The Presidential Library reveals unknown facts about Peter I’s life

11 March 2022

Today the Presidential Library’s electronic collections contain more than a million depository items. They are unique publications, archival documents, official biographies of prominent statesmen, including decrees, letters and notes of Peter I. This year marks the 350th anniversary of the birth of the first Russian emperor. There are also funny episodes among the memories of him.

Bread and radish are sweeter than luxury meals

“When Peter arrived in the capital of France, Paris, during his trip abroad, the chambers of the deceased queen were prepared for him, and a table was set for 60 people in the dining room, - historian Iosif Senigov reported in the book Tsar, Worker and Teacher (1915) - Peter did not like all this richness and splendor; he asked for bread and radishes, he was eating, tasting wine, drinking beer and went out, ordering him to go to another place; where is faster. We arrived at the house of a noble person; a servant came forward with a candle. Peter took a candle, examined the bedroom and was again dissatisfied with the front bed: he ordered to put his camp bed in a small room and lay down to sleep there.

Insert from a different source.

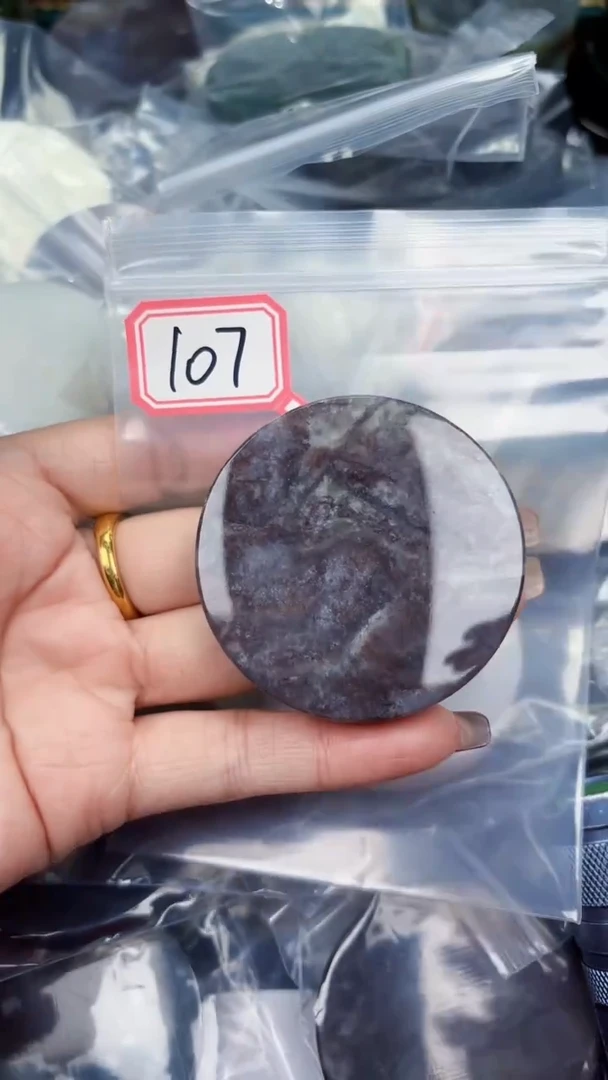 颈饰未镶嵌和田玉和田玉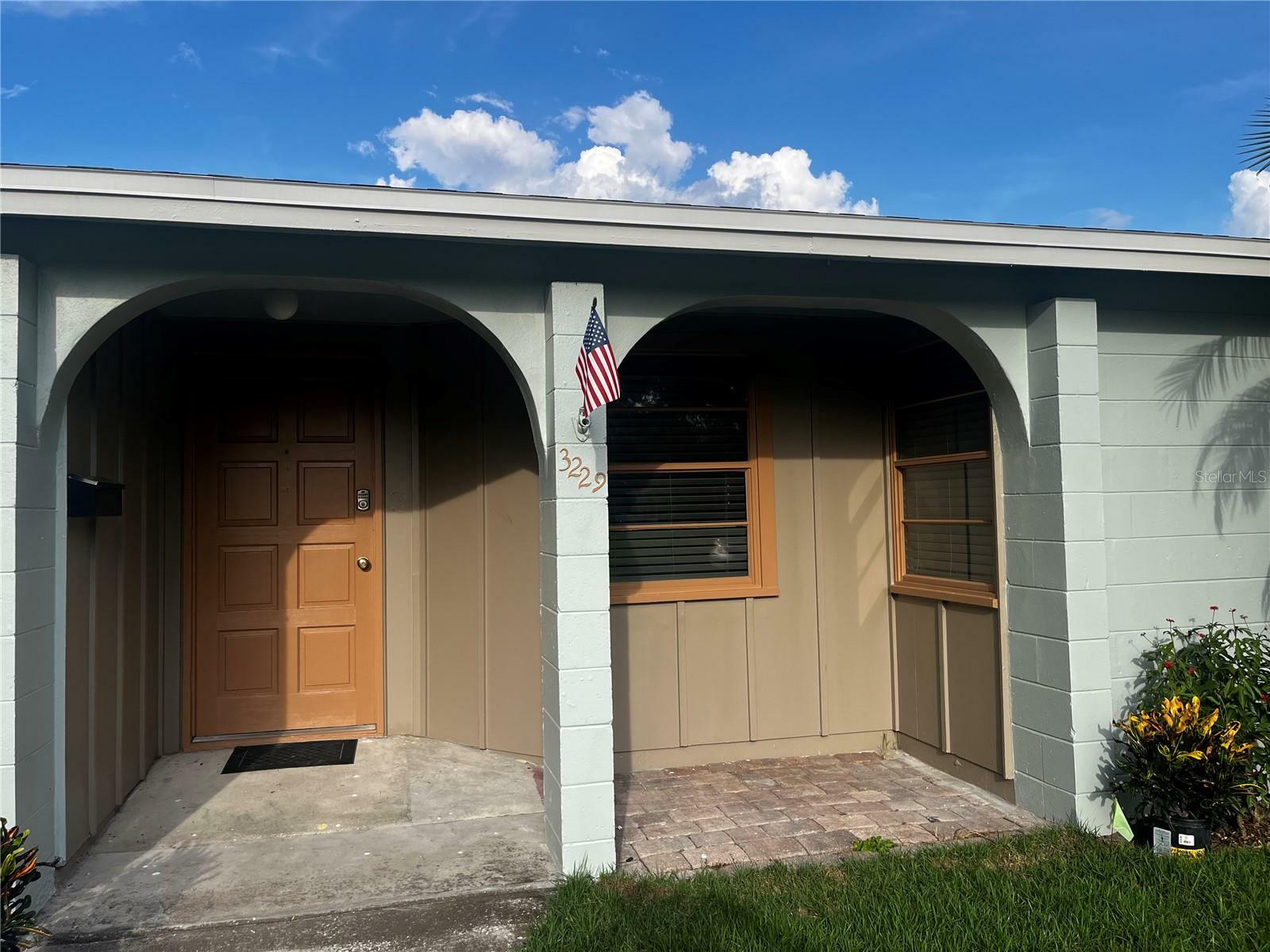 Property Photo: 3229 12th Street N FL 33704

How the tsar earned his shoes

“Peter I, the builder of all good things in Russia”, according to the memoirist Jakob von Stehlin in his book “Genuine Anecdotes about Peter the Great” (1793), visited all the factories, including Miller’s iron factory. On that trip, the emperor “besides his State affairs, set time for himself not only to carefully examine everything and learn everything, but also to work himself when cooking and forging iron in order to learn how to forge strips”. And as a result, “he forged 18 pounds of iron with his own hands, and branded each strip with his brand: moreover, the court junkers and boyars who were with him had to carry coals, put them in the furnace, blow with furs and send other work with His Majesty”. After that, Peter asked the owner of the plant, Werner Miller, “how much does the master get for forging a pood of flat iron? One altyn, answered Miller. Well, the Tsar continued, so I deserved 18 altyns, and I have the right to demand them from you. Miller went to the money box and brought 18 chervonets with the words - such an employee as Your Majesty cannot be paid less for a pood. To which the tsar replied: “Take your gold pieces; I worked no better than other craftsmen, pay Me what you usually pay other craftsmen, then I will buy new shoes that have been trampled again; took 18 altyns, went to the ranks and actually bought new shoes with them, which He often showed in meetings while on his feet, and, moreover, he usually used to say: I worked them out with corn myself.